▶ **INPUT FOR THIS TASK**
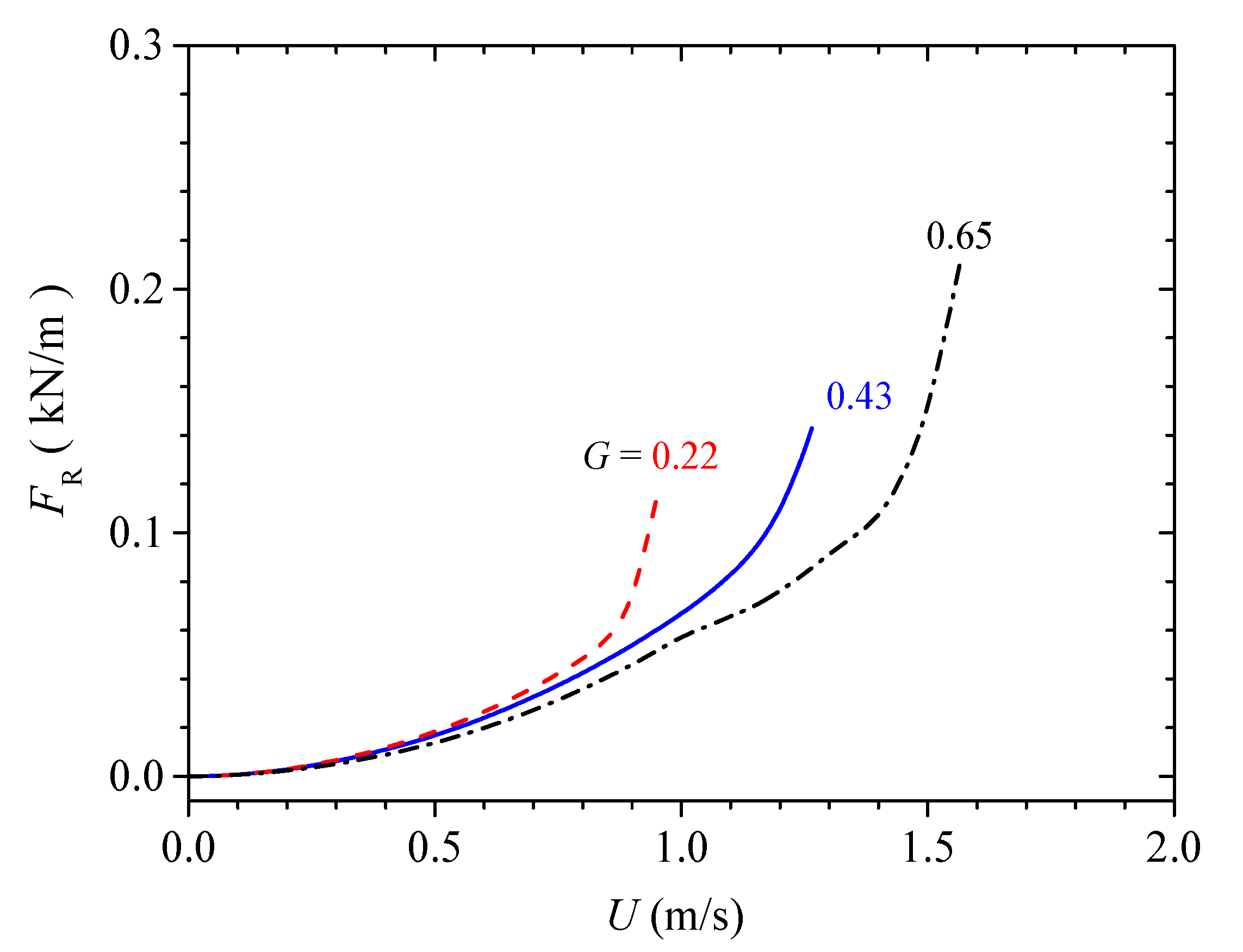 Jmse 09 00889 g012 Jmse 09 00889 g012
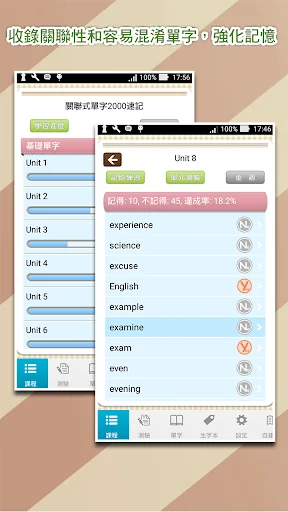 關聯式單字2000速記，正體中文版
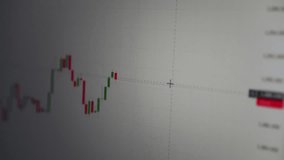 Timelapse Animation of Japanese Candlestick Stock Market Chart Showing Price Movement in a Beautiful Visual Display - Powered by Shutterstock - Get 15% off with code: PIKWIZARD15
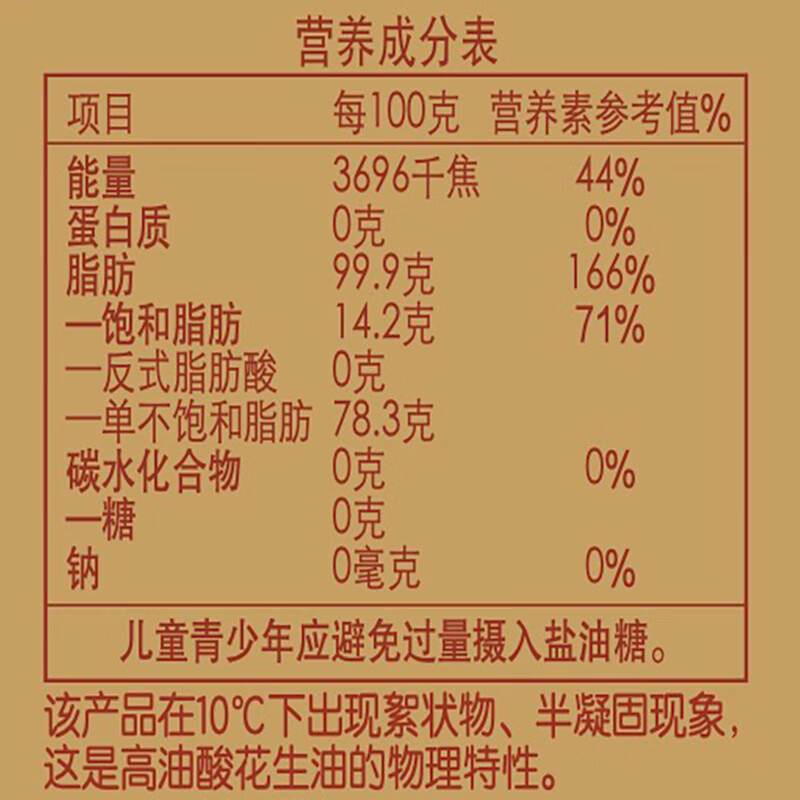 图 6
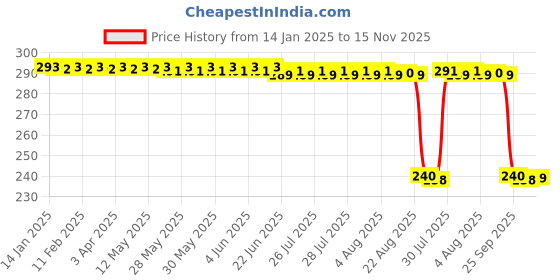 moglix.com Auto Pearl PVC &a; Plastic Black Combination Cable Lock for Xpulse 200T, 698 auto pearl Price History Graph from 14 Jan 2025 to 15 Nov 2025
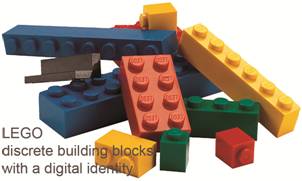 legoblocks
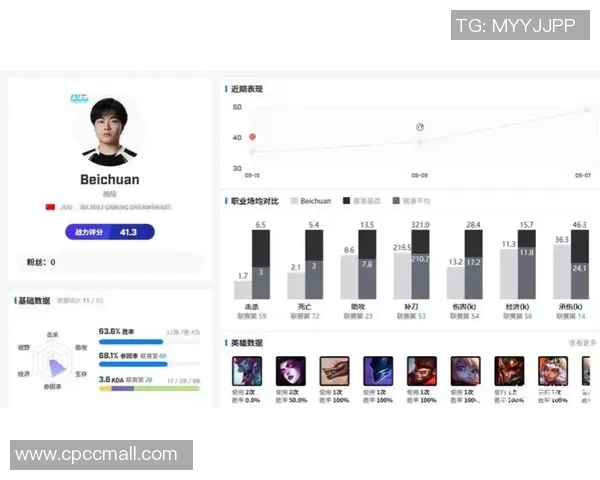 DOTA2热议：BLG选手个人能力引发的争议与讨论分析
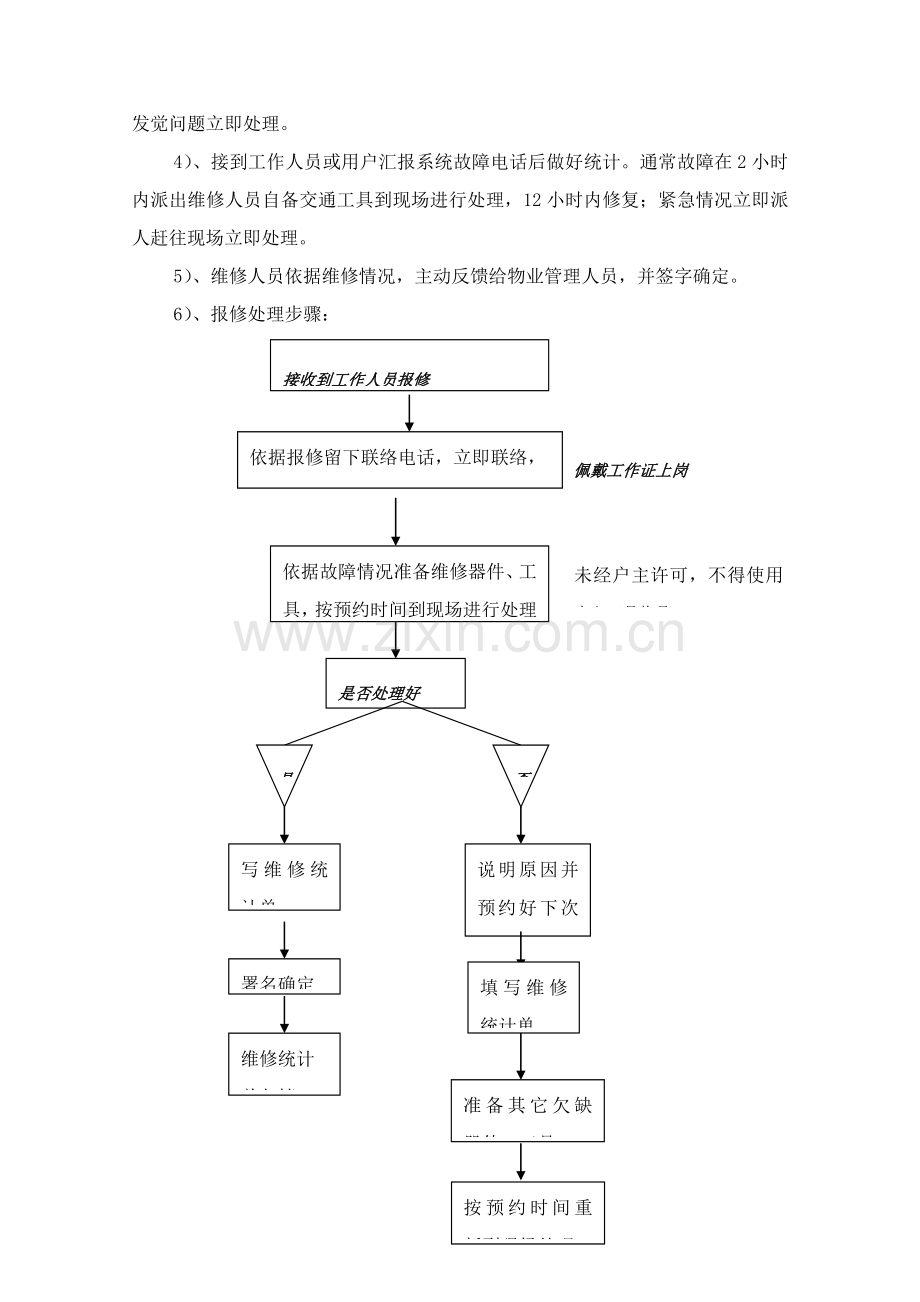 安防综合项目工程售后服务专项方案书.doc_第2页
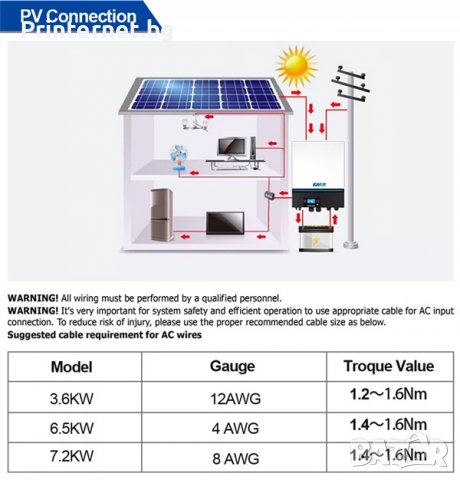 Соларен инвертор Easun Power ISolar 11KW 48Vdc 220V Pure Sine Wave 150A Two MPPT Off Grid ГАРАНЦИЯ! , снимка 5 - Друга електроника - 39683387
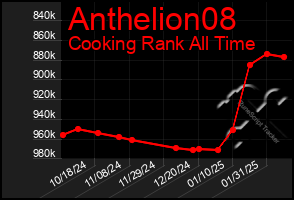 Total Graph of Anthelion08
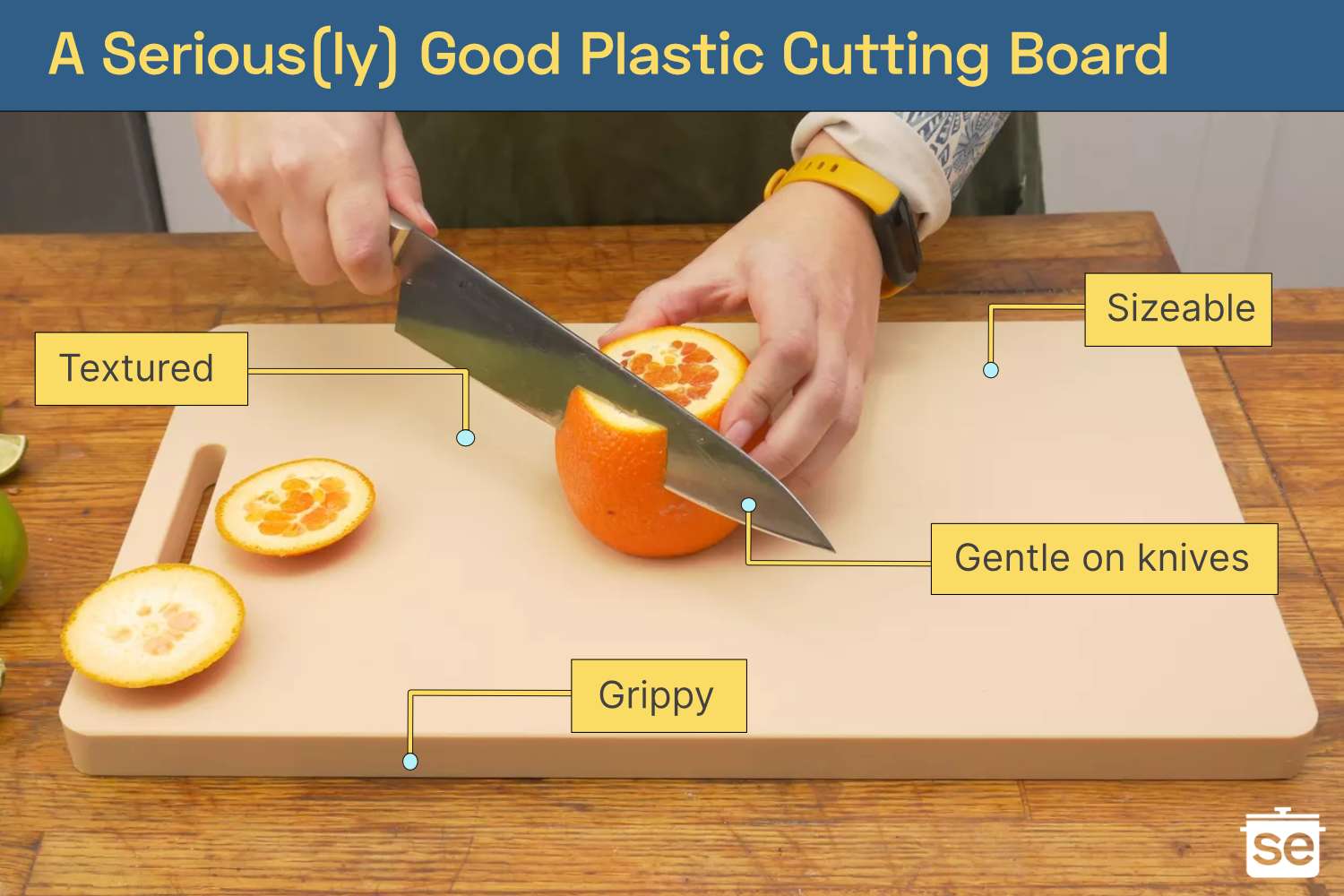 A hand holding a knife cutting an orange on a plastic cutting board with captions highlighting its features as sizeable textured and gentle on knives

▶ **TASK DETAILS**
Nothing but the lines from the line with "Соларен инвертор Easun" through the last line of the data above should be printed, exactly as written and without pictures.

▶ **YOUR SOLUTION**
 Соларен инвертор Easun Power ISolar 11KW 48Vdc 220V Pure Sine Wave 150A Two MPPT Off Grid ГАРАНЦИЯ! , снимка 5 - Друга електроника - 39683387
 Total Graph of Anthelion08
 A hand holding a knife cutting an orange on a plastic cutting board with captions highlighting its features as sizeable textured and gentle on knives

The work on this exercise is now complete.